:: Data provided

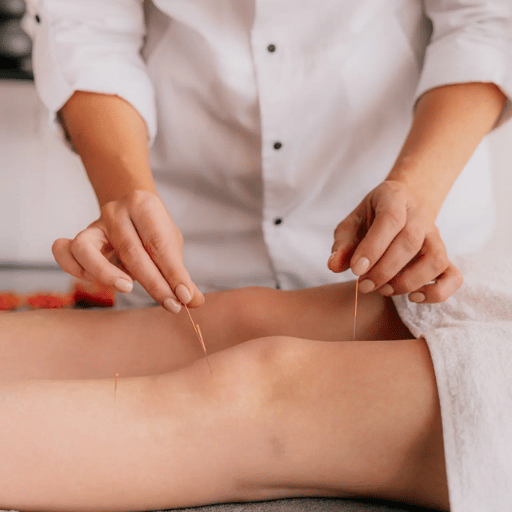 What Happens at an Acupuncture Session (And What It Feels Like)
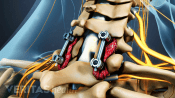 Posterior view of fusion screws in the cervical spine.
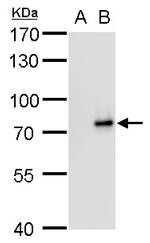 SLU7 Monoclonal Antibody (P759)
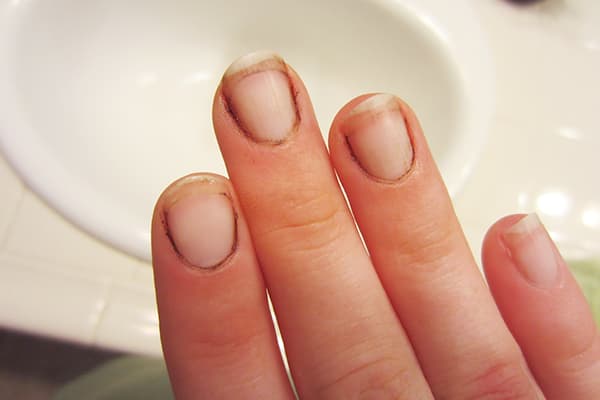 Saleté sous les ongles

::::

The data above must be given again in full and unaltered, minus its images.

Output of the task
 What Happens at an Acupuncture Session (And What It Feels Like)
 Posterior view of fusion screws in the cervical spine.
 SLU7 Monoclonal Antibody (P759)
 Saleté sous les ongles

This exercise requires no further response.